Tampa Bay’s transit authority is switching gears on its regional bus transportation plans, but a smooth ride to completing the 41-mile route remained elusive Friday.
Absent a formal vote, the majority of the Tampa Bay Area Regional Transit Authority directors endorsed an alternative to build six stations and run express buses on Interstate 275 from Pasco County to downtown Tampa and on to St. Petersburg. Three months ago, the agency’s staff recommended a more ambitious project, called bus rapid transit, to build as many as 13 stations and run vehicles along dedicated highway lanes as the preferred alternative.
The express bus plan is less costly, but also would draw fewer riders than the bus rapid transit plan. The alternative failed to sway the leading critic — Hillsborough Commissioner Pat Kemp. She repeated her prior objections, saying the regional transit plan would compete with existing bus agencies in Hillsborough and Pinellas counties for passengers and future federal subsidies.
“It’s a duplication. It’s a competition with our routes,” Kemp told the authority.
She also criticized the plan, prepared by engineering consultants WSP Engineering, for not including projections on operating costs, nor information about its viability if I-275 isn’t widened. The state Department of Transportation’s plans to widen I-275, but citizen objectors are advocating instead for an expanded street grid system and a north-south boulevard.

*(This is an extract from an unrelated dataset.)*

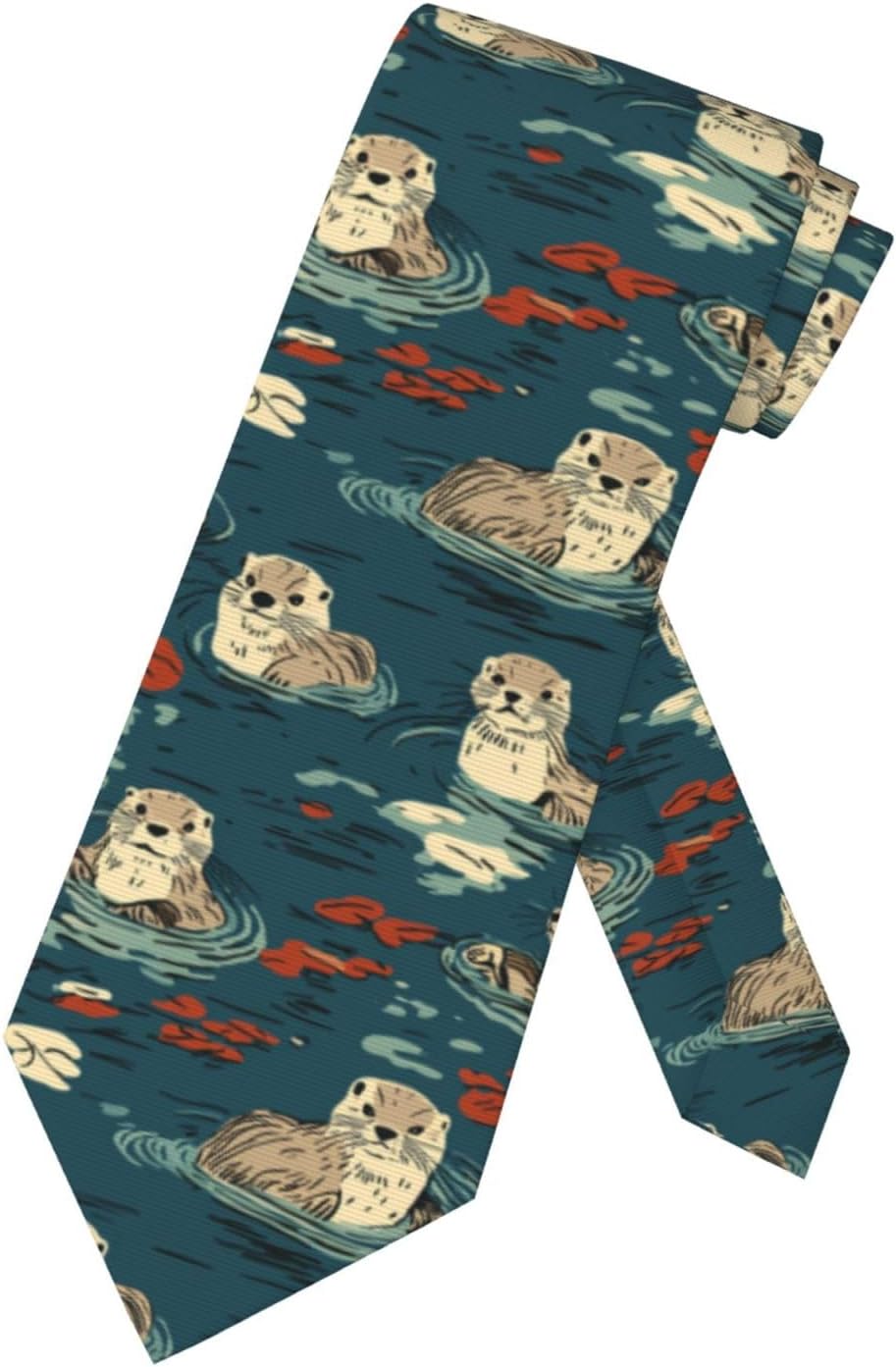 Famame Men's Tie Necktie Funny Novelty Giraffe Cute Cherry Neckties for Men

Kemp, however, found herself with little support from other board members who backed the express bus plan that could be modified in the future to accommodate bus rapid transit.
“If (express bus plan) gets us moving, then let’s get moving, said Cliff Manuel of Brooksville. “I don’t see it as an end game.”
St. Petersburg Mayor Rick Kriseman said he long favored bus rapid transit, but would support the express bus plan as a compromise and because it could be altered in the future.
“The reality, though, is ... that if we’re not all onboard, it isn’t going to happen,” said Kriseman.
Hillsborough County has the largest population of the authority’s member counties that also include Pinellas, Manatee, Pasco and Hernando. Its support is considered vital to seeking future federal aid.
Under the scenarios considered by the authority, bus rapid transit — a system that uses dedicated lanes, fewer stops and quicker boarding — could cost up to nearly $400 million for 13 stations, right of way, vehicles and parking. Building just six stations would drop the cost to $289 million. It could receive up to 50 percent funding from the state and federal governments.
Express buses, using the same highway lanes as other motorists, would cost $53.4 million for six stations, but would not qualify for federal aid and local dollars would have to account for nearly 90 percent of the capital cost.
Ridership forecasts for 2030, when the service is expected to be available, called for 250,000 annual passengers on the express buses and 909,000 on the bus rapid transit system.
Pinellas Commissioner Janet Long asked the consultants to study two other scenarios that would have buses traveling on hardened shoulders of the interstate. Those plans and a vote on whether to proceed with the express bus route are scheduled for May 24.